As I’ve explored my spirituality, I’ve practiced a KonMari approach to faith—a series of intentional choices about the beliefs I want to keep carrying with me. One truth that I have chosen to hold onto is the idea that God is expansive. God is an infinite love that cannot be contained, yet still encompasses femininity alongside masculinity–and, like me, is also some of both, and neither at all.

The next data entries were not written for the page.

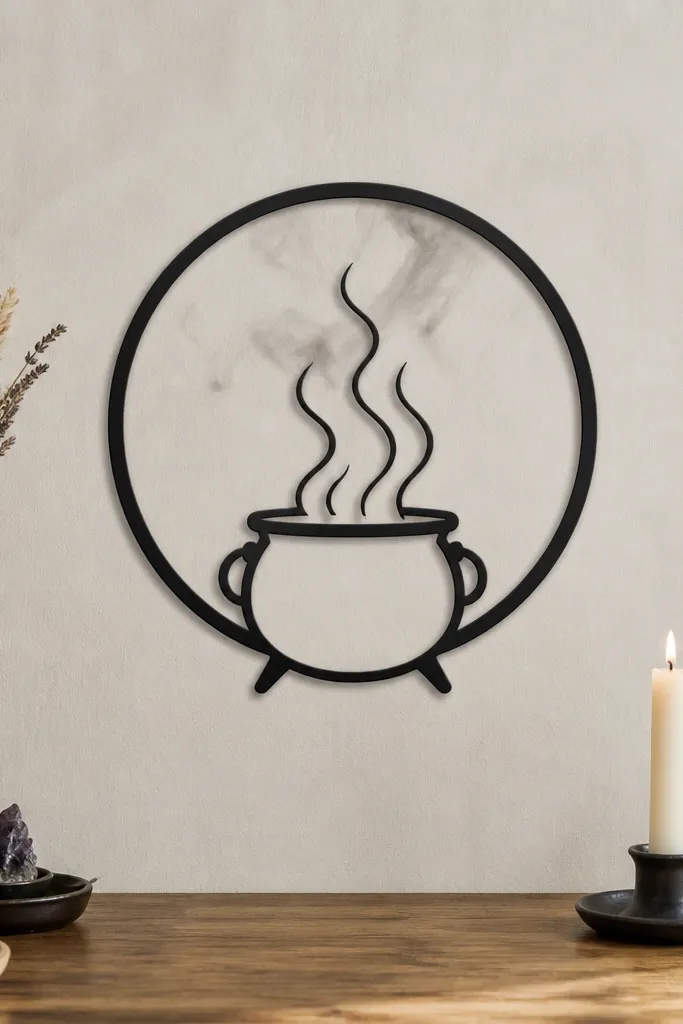 A circular cauldron outline in blackwork. Inside the ring, there's no fill; instead, thin steam lines rise in negative space, with a few soft gray wisps near the top.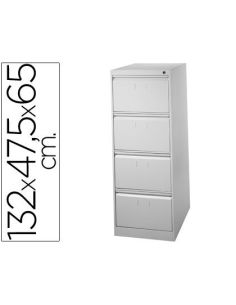 Fichero Cajones De Suelo Metal 4 Cajones 132 Cm Alto 65 Cm Prof 47,5 Ancho Gris 75 Guias Telescopicas Antivuelco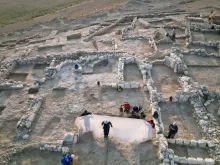 Israel Antiquities Authority excavation in Rahat (aerial view), May 2024.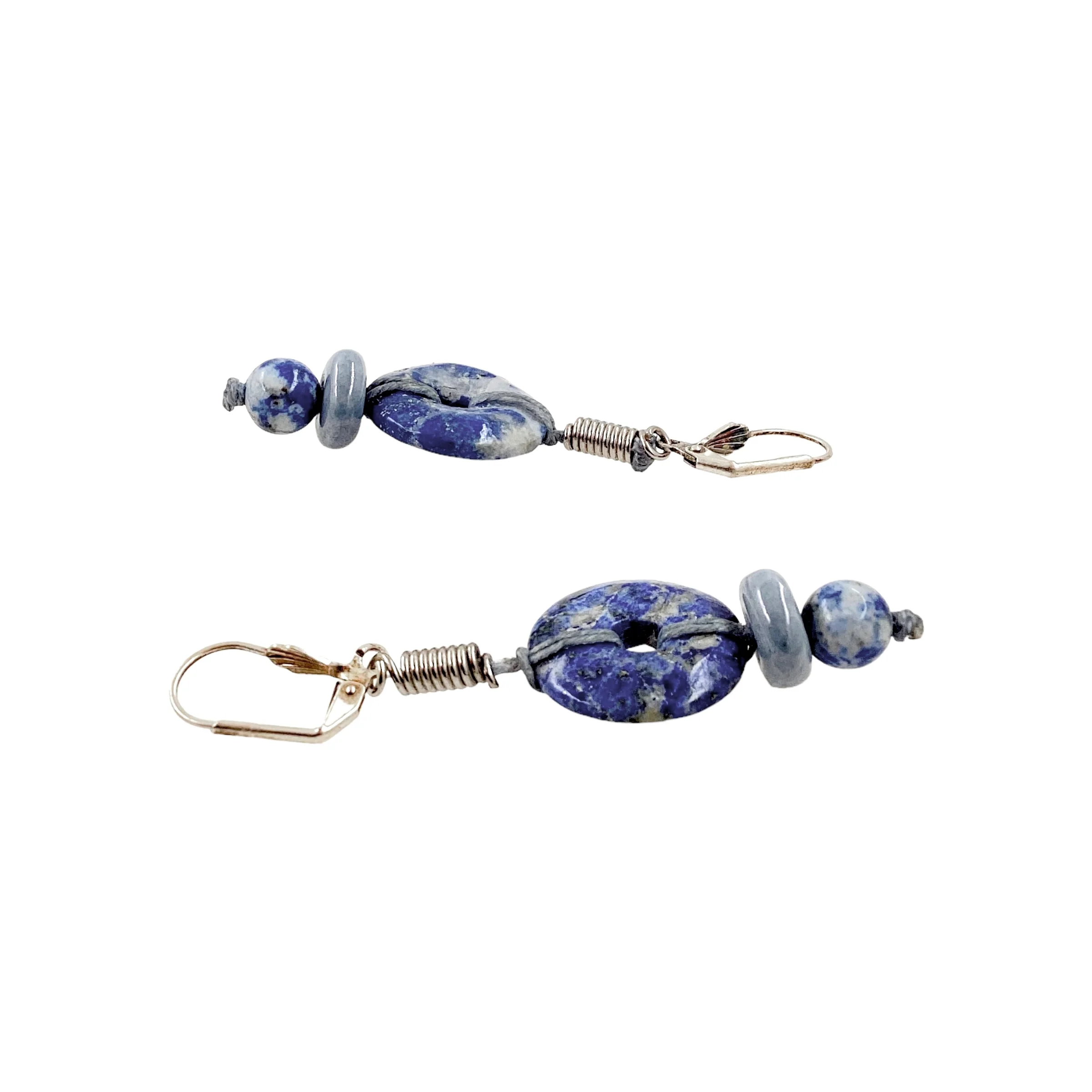 90s/00s Sodalite Gemstone Earrings Bracelet Set By Made with Love - Image 11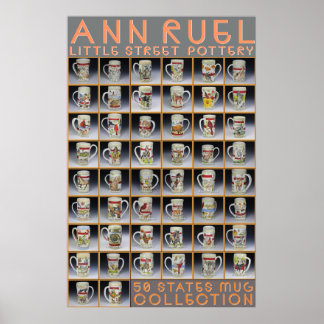 Poster Ann Ruel Pottery - Collection Mug Etats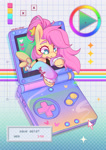 Size: 2480x3508 | Tagged: safe, artist:wavecipher, fluttershy, pegasus, pony, g4, abstract background, breaking the fourth wall, console, cute, female, game boy advance sp, game console, oh no, shyabetes, solo, sparkles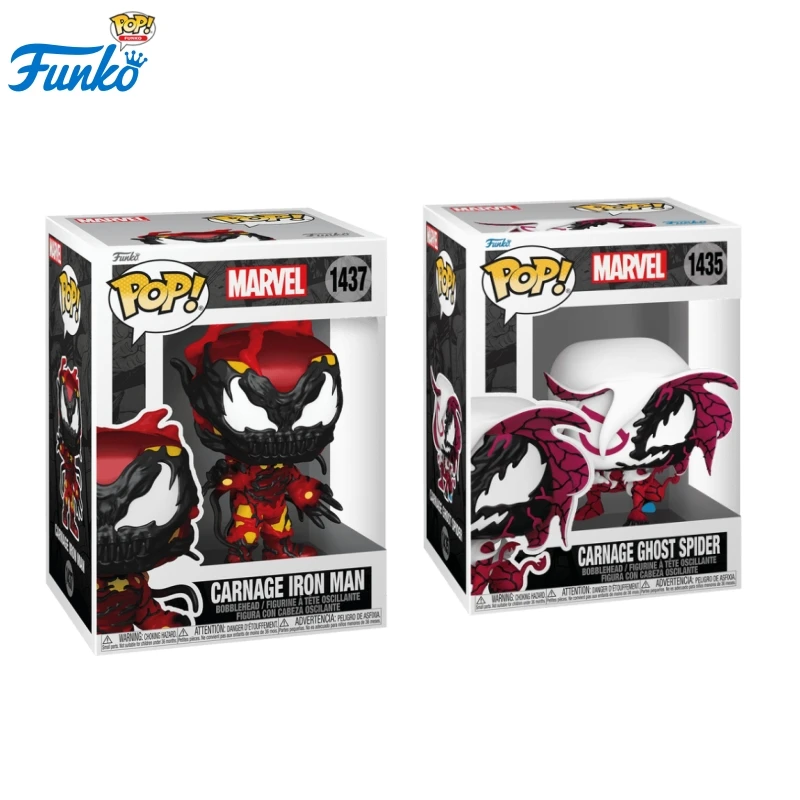 Marvel Funko Pop Comics & Super Heroes Carnage Iron Man Carnage Ghost Spider Toys for Boys Gift Collectible Model Ornaments - Image 7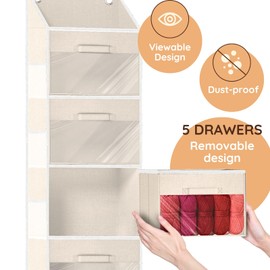 Ofiray-home Hanging Yarn Storage Organizer with 5 Drawers, Over the Door Large Capacity Knitting Organizer Storage&10 Mesh Side Pockets, Hanging Yarn Holder for Knitting Needles, Crochet Hooks- Beige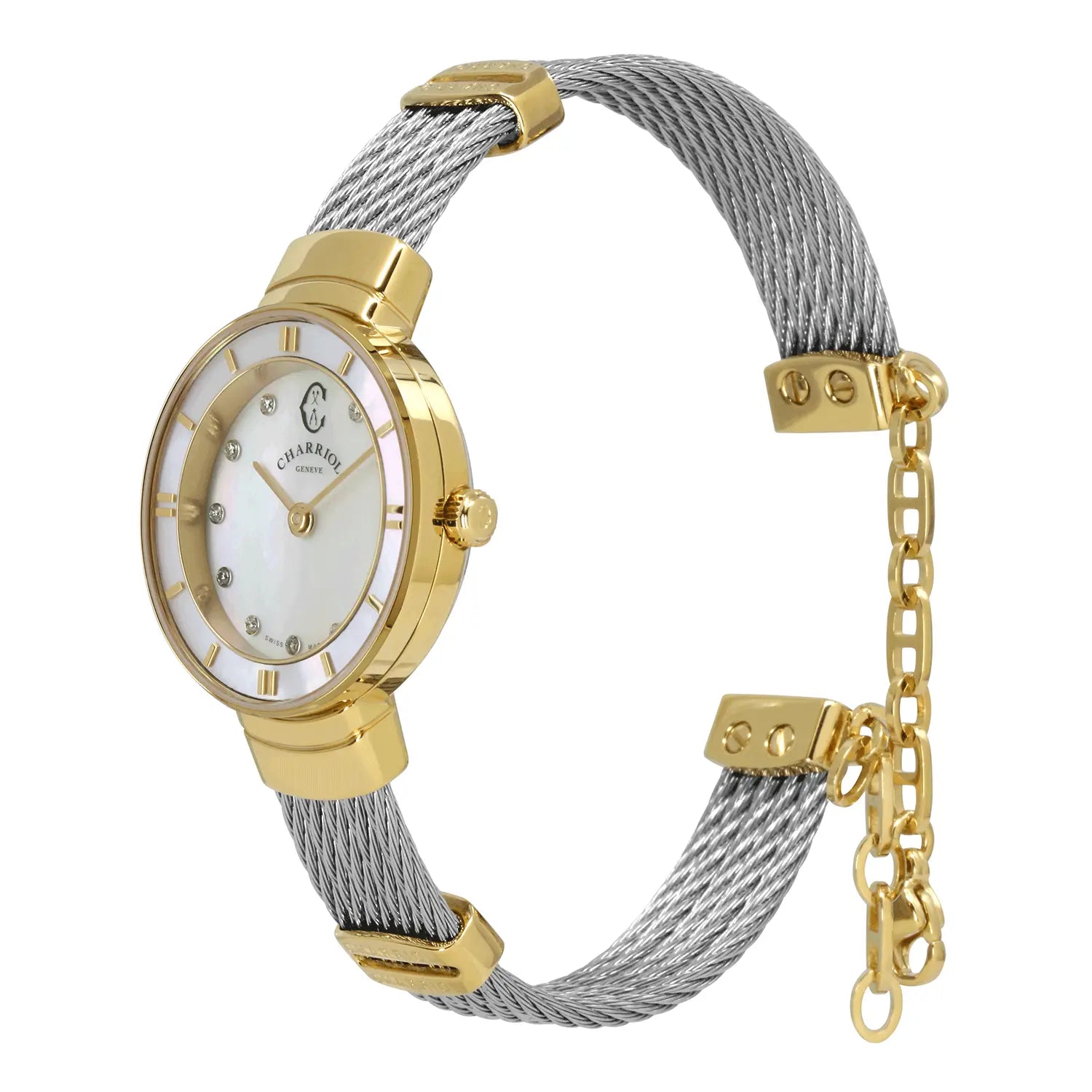 ST TROPEZ, 25MM, KUWARTS KALIBRE, INA-NG-PERLAS NA MAY 11 DIAMONDS DIAL, DILAW NA GINTO PVD BEZEL, BAKAL CABLE BRACELET - Charriol Geneve - Panoorin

In finding Heavenly Mother, I have found more of myself, and vice versa. The promise that I belong to both God and Goddess empowers me to be brave, and bold, and to take up room in spaces that used to be closed off to me.
I see Heavenly Mother’s divine DNA embodied especially well in Jesus, as someone who ministers among the marginalized, and uplifts even unlikely prophets who challenge unjust traditions. She is love: radically unconditional love.
Our Mother God is a radiant refuge, a sustaining force of life we can all come home to, within ourselves and along with each other. She is no longer lost and hidden, and never will be again.
May we each hear and heed her call, to be healed, to be whole. Amen.